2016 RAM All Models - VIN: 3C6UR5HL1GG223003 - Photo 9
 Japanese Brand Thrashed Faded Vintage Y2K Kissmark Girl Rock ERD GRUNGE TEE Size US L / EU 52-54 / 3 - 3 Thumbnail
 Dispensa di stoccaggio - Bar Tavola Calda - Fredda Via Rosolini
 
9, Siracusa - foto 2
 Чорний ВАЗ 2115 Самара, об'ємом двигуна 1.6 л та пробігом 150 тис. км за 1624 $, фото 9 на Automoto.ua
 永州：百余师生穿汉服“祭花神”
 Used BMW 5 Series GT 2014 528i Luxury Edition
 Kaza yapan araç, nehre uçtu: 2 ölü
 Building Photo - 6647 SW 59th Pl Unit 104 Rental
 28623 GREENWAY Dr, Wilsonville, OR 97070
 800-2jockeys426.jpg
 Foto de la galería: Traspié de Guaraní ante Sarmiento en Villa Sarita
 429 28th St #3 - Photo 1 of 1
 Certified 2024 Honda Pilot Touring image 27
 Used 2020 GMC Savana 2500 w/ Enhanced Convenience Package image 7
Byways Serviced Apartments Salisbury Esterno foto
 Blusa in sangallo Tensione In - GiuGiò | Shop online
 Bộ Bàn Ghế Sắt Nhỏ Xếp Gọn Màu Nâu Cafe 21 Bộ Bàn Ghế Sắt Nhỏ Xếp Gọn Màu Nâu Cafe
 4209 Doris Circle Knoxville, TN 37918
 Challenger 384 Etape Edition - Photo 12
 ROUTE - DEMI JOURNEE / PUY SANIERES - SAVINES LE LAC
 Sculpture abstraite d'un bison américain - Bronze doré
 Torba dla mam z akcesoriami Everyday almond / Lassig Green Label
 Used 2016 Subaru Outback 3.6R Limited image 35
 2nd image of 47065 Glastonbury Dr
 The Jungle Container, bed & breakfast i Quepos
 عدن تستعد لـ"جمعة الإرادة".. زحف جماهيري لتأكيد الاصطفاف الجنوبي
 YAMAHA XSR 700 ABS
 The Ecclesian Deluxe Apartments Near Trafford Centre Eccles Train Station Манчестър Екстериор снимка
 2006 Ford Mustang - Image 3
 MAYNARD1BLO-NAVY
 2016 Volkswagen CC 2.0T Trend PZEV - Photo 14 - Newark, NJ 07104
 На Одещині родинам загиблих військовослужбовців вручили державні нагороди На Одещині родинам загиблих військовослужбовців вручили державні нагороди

####################

-- Problem --
An exact copy of the lines from the one containing "28623 GREENWAY Dr, Wilsonville, OR 97070" through the end of the data above is the whole answer.

-- Output below --
 28623 GREENWAY Dr, Wilsonville, OR 97070
 800-2jockeys426.jpg
 Foto de la galería: Traspié de Guaraní ante Sarmiento en Villa Sarita
 429 28th St #3 - Photo 1 of 1
 Certified 2024 Honda Pilot Touring image 27
 Used 2020 GMC Savana 2500 w/ Enhanced Convenience Package image 7
Byways Serviced Apartments Salisbury Esterno foto
 Blusa in sangallo Tensione In - GiuGiò | Shop online
 Bộ Bàn Ghế Sắt Nhỏ Xếp Gọn Màu Nâu Cafe 21 Bộ Bàn Ghế Sắt Nhỏ Xếp Gọn Màu Nâu Cafe
 4209 Doris Circle Knoxville, TN 37918
 Challenger 384 Etape Edition - Photo 12
 ROUTE - DEMI JOURNEE / PUY SANIERES - SAVINES LE LAC
 Sculpture abstraite d'un bison américain - Bronze doré
 Torba dla mam z akcesoriami Everyday almond / Lassig Green Label
 Used 2016 Subaru Outback 3.6R Limited image 35
 2nd image of 47065 Glastonbury Dr
 The Jungle Container, bed & breakfast i Quepos
 عدن تستعد لـ"جمعة الإرادة".. زحف جماهيري لتأكيد الاصطفاف الجنوبي
 YAMAHA XSR 700 ABS
 The Ecclesian Deluxe Apartments Near Trafford Centre Eccles Train Station Манчестър Екстериор снимка
 2006 Ford Mustang - Image 3
 MAYNARD1BLO-NAVY
 2016 Volkswagen CC 2.0T Trend PZEV - Photo 14 - Newark, NJ 07104
 На Одещині родинам загиблих військовослужбовців вручили державні нагороди На Одещині родинам загиблих військовослужбовців вручили державні нагороди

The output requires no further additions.